Ruşen Çakır: Bu “Ne yapar eder seçime gitmez, ya da ne yapar eder kazanır” düşüncesi Türkiye’de azaldıkça Batı’da çoğalıyor biliyorsun — geçen ben bir yayında bunu çok söyledim. Kadri’yle yaptığımız yayında da konuştuk bunu. Batılı diplomatlar Erdoğan’ın bir şekilde kendini yeniden seçtireceği ya da iktidârı bırakmayacağı düşüncesini –hani o borsa deyimiyle– “satın alıyorlar”. Böyle de bir garip bir durum.

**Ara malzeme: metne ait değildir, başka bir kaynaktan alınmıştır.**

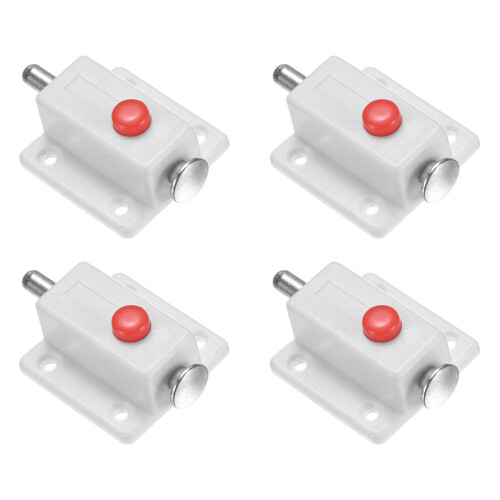 4Pack White Plastic Push Button Cabinet Door Latch, Spring Loaded Quick Release Lock for Drawers and Closets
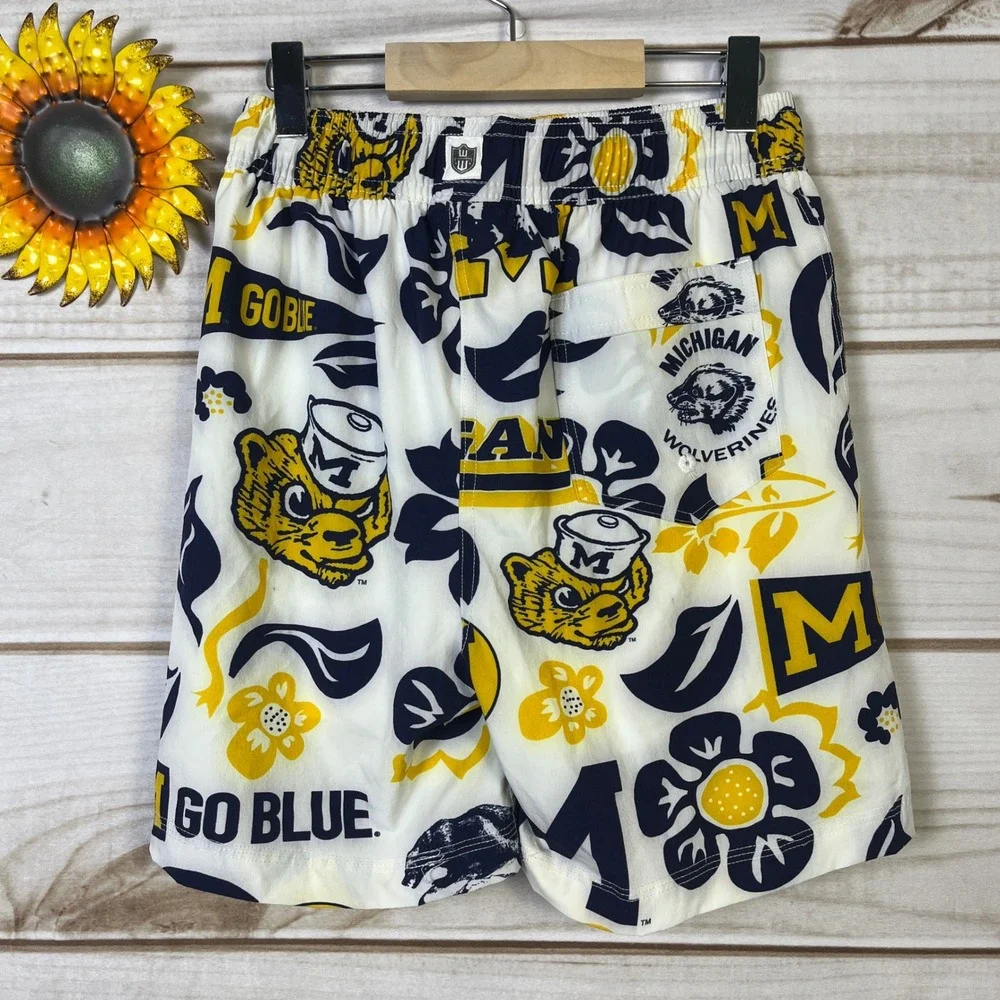 Wes‎ and Willy Michigan Wolverines Swim Trunks Kids Size L Blue Yellow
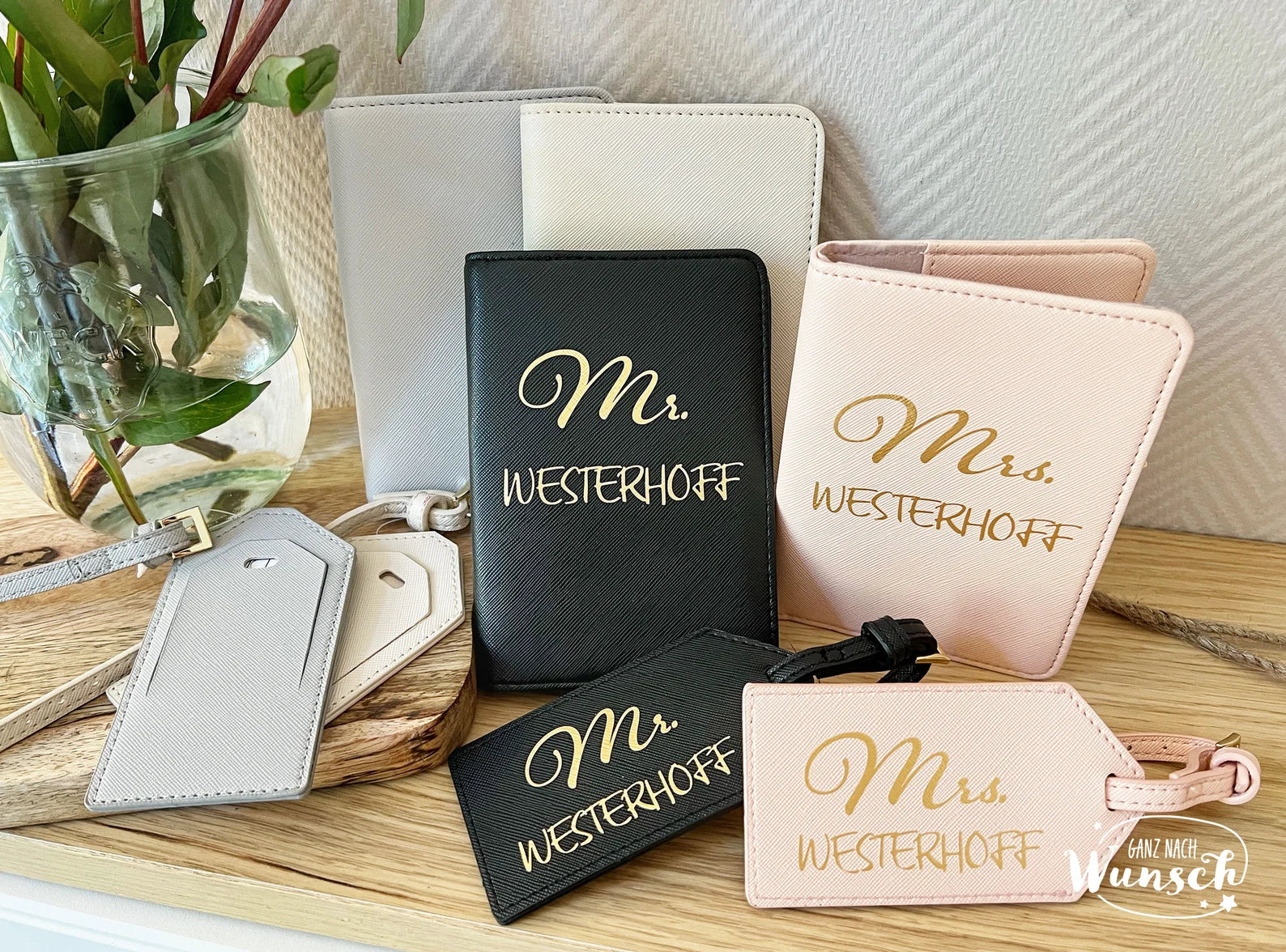Reisepasshülle | Impfpasshülle | Travel Set | Kofferanhänger | Anhänger | personalisiert | Etui | Reisepass | personalisierte Reisepasshülle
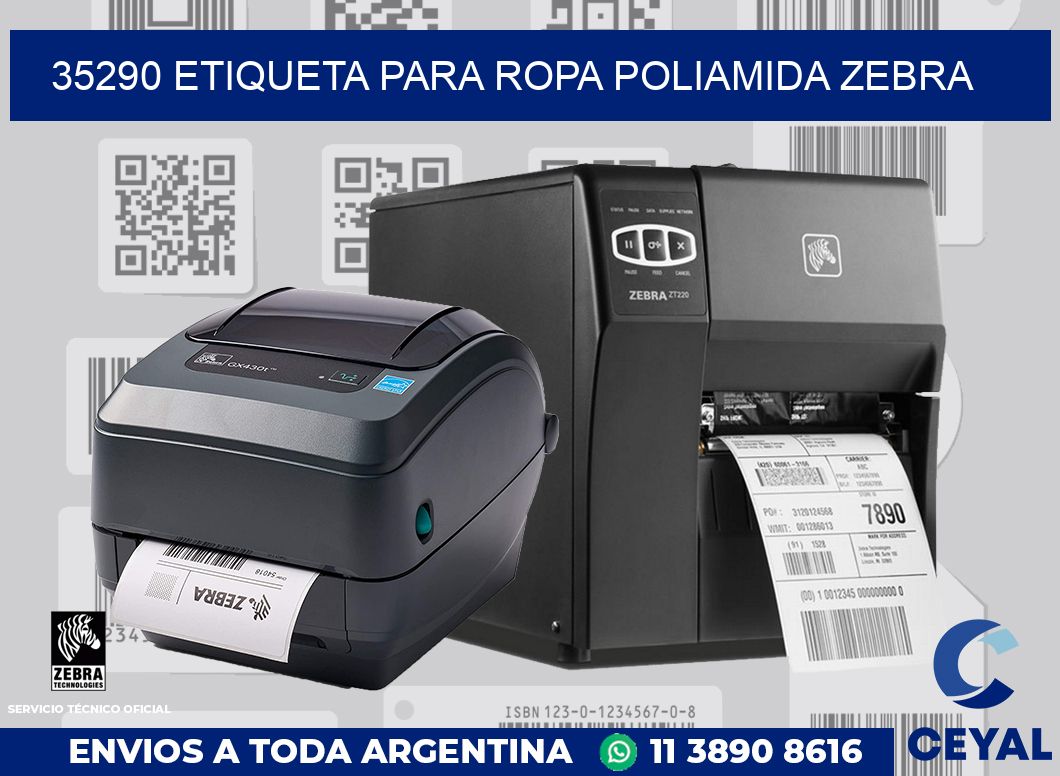 35290 ETIQUETA PARA ROPA POLIAMIDA ZEBRA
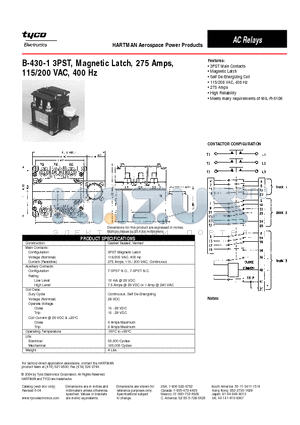 B-430-1 datasheet - B-430-1 3PST, Magnetic Latch, 275 Amps,115/200 VAC, 400 Hz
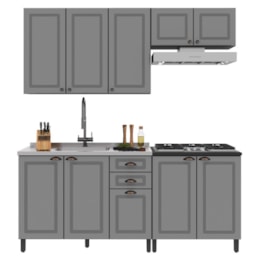 Cozinha Modulada Firenze 4 Peças com Aéreo de Geladeira Chumbo/Titânio - Indékes Cozinha Modulada Firenze 4 Peças com Aéreo de Geladeira Chumbo/Titânio - Indékes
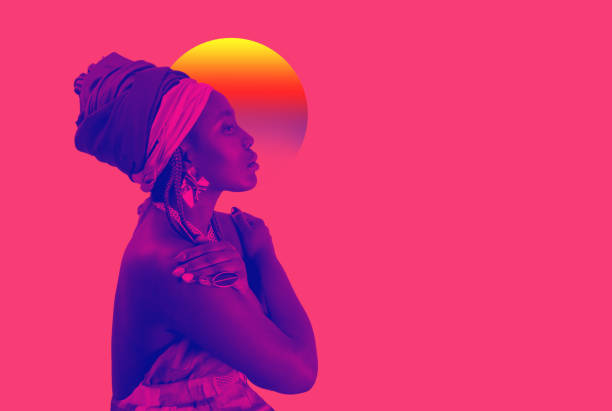 Retro wave, neon vapor wave portrait of African young woman with ethnic headwrap. Blue and pink duotone. Retro wave, neon vapor wave portrait of African young woman with ethnic headwrap. Blue and pink duotone. Copy space. Studio shot. Fashion style. Mixed media art, collage. african musical instrument stock pictures, royalty-free photos & images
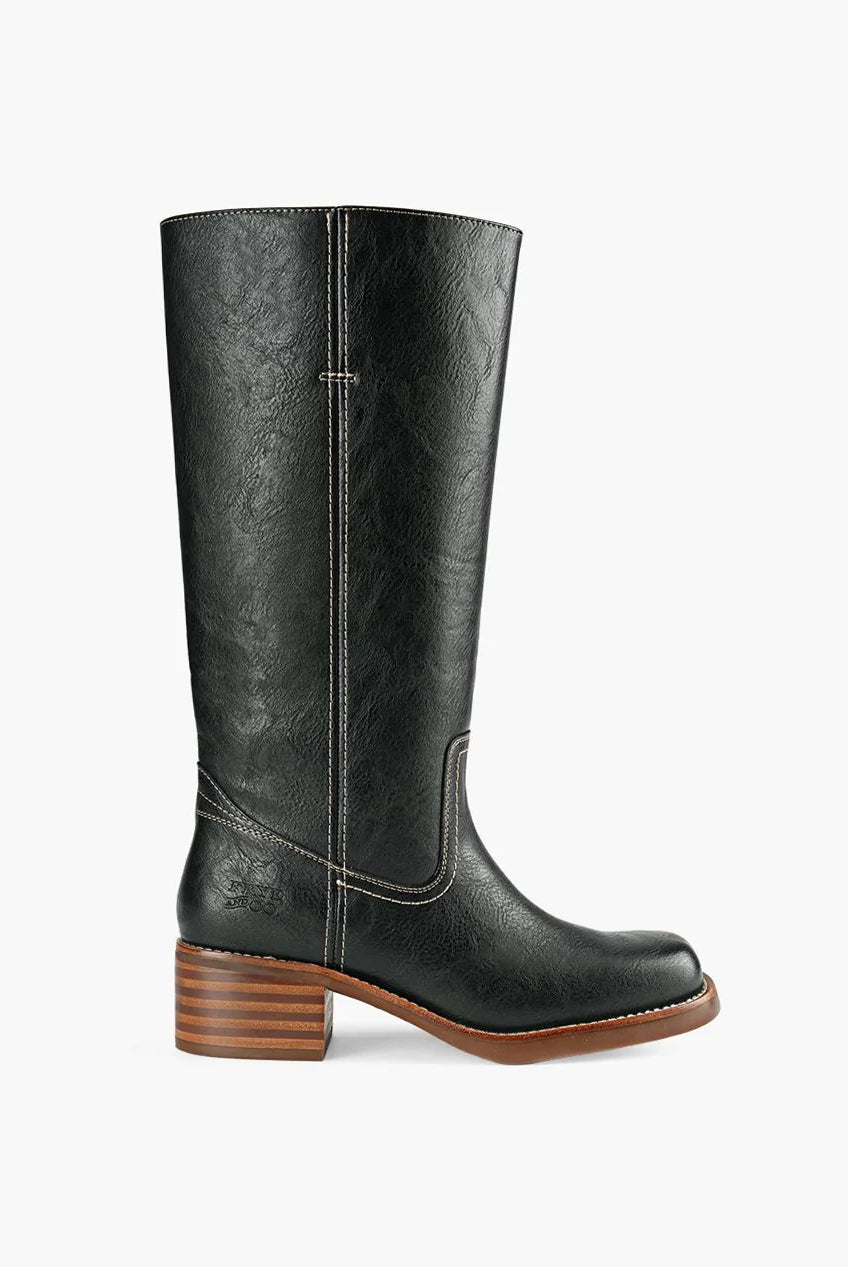 Black Miranda 14 tall Western-inspired boots featuring a sleek vegan leather finish, square toe, 2-inch stacked block heel, and pull-on design with internal pull loops for easy wear.
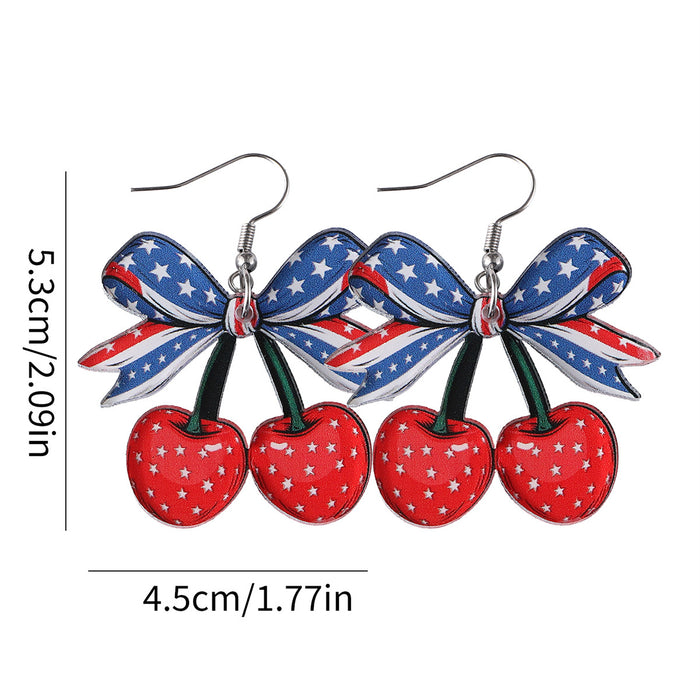 Wholesale Red, white, blue bow, cherry flag pendant earrings, acrylic earrings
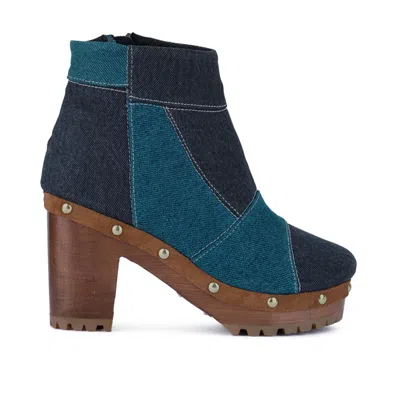 Rag & Co Women's Aguar Blue Denim Patchwork Ankle Boots
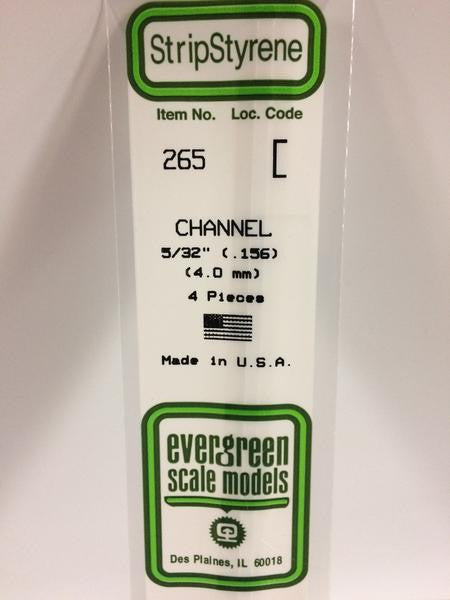 Evergreen Scale Models 265 - .156" Styrene Channel - 4 pieces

Ömer Taşpınar: Şimdi o doğru. Onunla ilgili de hemen bir şey söyleyip bitireyim. Yirmi yıldır iktidarda olan bir Erdoğan’dan bahsediyoruz Ruşen. Yirmi yıldır… Dünyanın gözünde diktatörlükler sıralaması yapıldığında, biz akademisyenler Türkiye’ye “rekabetçi otoriter” diyebiliriz. Veya bâzılarıyla –Gönül bana kızıyor– “illeberal demokrasi” dediğimde, seçim üzerine kurulu bir demokrasi dediğimizde. Ama dünyanın gözünde, dünya basınının gözünde Türkiye bir diktatörlük: Erdoğan diktatörlüğü. Ve diktatörlüklerde diktatörler seçimle kolay kolay gitmiyor. Dolayısıyla benim konuştuğum öğrencilerim, basından gazeteciler, Erdoğan’ın seçimleri kaybedip, paşa paşa bir şekilde, “Kaybettim ben, gelin bakalım, muhalefet gelsin” diyeceğine inanmıyorlar. “Ne yapar eder bir şekilde tekrar kazanır” diyorlar. Kazanma senaryosu ne? Seçim ekonomisi… Yani Türkiye’nin kamu borcu, özel borcu kadar yüksek değil;. Türkiye’de şu anda enflasyon %80… Ben geçen seninle stüdyoda yaptığımız programda “Enflasyon %150 olur, seçim ekonomisine götürür, asgarî ücrete üç misli zam yapar” dediğimde millet gülmüştü. Yani “%150 nasıl olacak, böyle bir şey olabilir mi?” diye. Oraya doğru gidiyoruz. Yani Erdoğan’ın seçim ekonomisine doğru gidiyoruz. Böyle bir senaryoda karşısında bir de çok karizmatik olmayan, çok başarılı olmayan bir muhâlefet olursa — ki o da mevcut Türkiye’de; sağ olsun muhâlefet hiç başarılı bir performans sergilemiyor Türkiye’de. Biliyorum, ona da kızıyorlar; “Muhâlefete muhâlefet yapmayın” diye. Ama dünya bunu görüyor. Dünya Türkiye’deki muhâlefetin ne kadar bölünmüş olduğunu; Kürtler’e, HDP’ye kucak açmadığını, HDP’nin ana kilit partiyken bu kadar marjinalize olduğunu dünya görüyor. Bu ortamda Erdoğan gibi bir siyâset ustasının karşısındaki muhâlefeti yenebileceği yönünde Batı’da ciddî bir algı var. Ben yazın Türkiye’ye geldiğimde bunu söyledim; bana göre Erdoğan’ın kazanma ihtimâli hiç de azımsanmayacak derecede var diye. Onu ben Batı’nın görüşü olarak, kendim geldiğimde de gördüm ve kendi görüşüm de o. Yani gerçekten Erdoğan’ın hâlâ kazanma ihtimâlinin yüksek olduğu bir ülkedeyiz bence. Muhâlefetin başarısızlığı ve seçim ekonomisi nedeniyle. 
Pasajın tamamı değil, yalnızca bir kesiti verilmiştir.